**INPUT DATA**
++++++

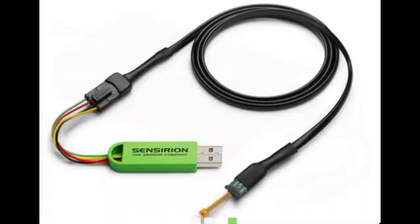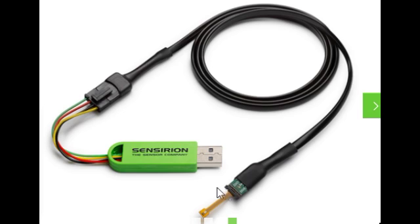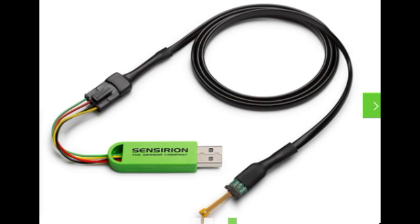In order to do a first evaluation of the sensor, we bought this evaluation kit, the EK-H5. Here we can see the evaluation kit, it converts from I2C to USB. We will use this kit to do a first test of the sensor.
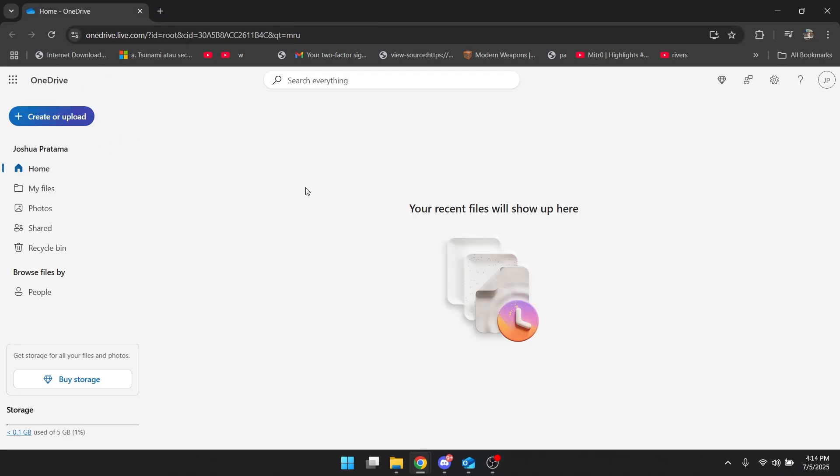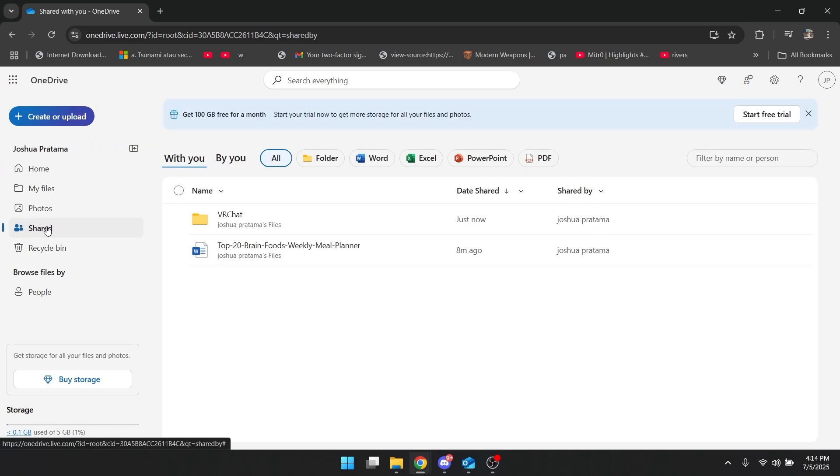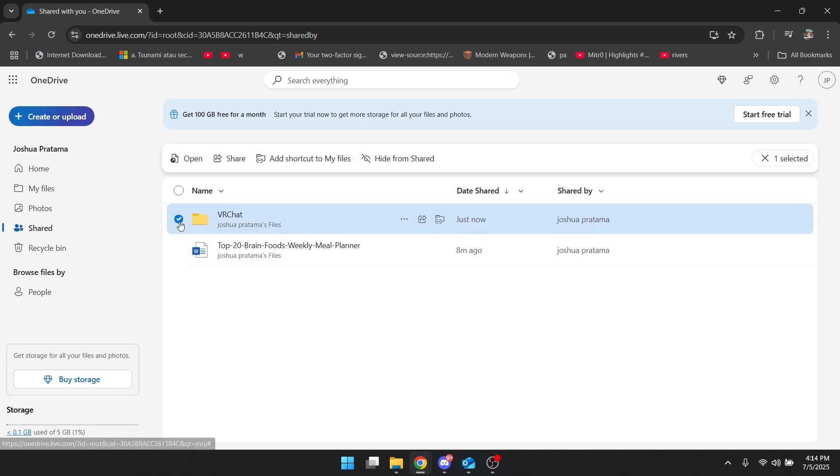When you're here, go to your Shared tab and choose the folder you want to share locally. Click on the checkmark, then click Add Shortcut to My Files.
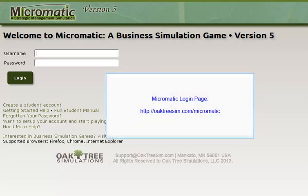The purpose of Micromatic is to give you practice in running a small manufacturing business. You will make decisions similar to what managers typically make when they're running a business and then see the effects of those decisions on how well your business does. As you will discover, managing a business is a very dynamic experience. In this tutorial, I will give you a quick tour around the simulation to help you understand what Micromatic is about.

++++++

Exactly as written, please give again the lines from the beginning of the listing through the line containing "When you're here, go", inclusive, without any pictures.

**ANSWER TO THE PROBLEM**
In order to do a first evaluation of the sensor, we bought this evaluation kit, the EK-H5. Here we can see the evaluation kit, it converts from I2C to USB. We will use this kit to do a first test of the sensor.
When you're here, go to your Shared tab and choose the folder you want to share locally. Click on the checkmark, then click Add Shortcut to My Files.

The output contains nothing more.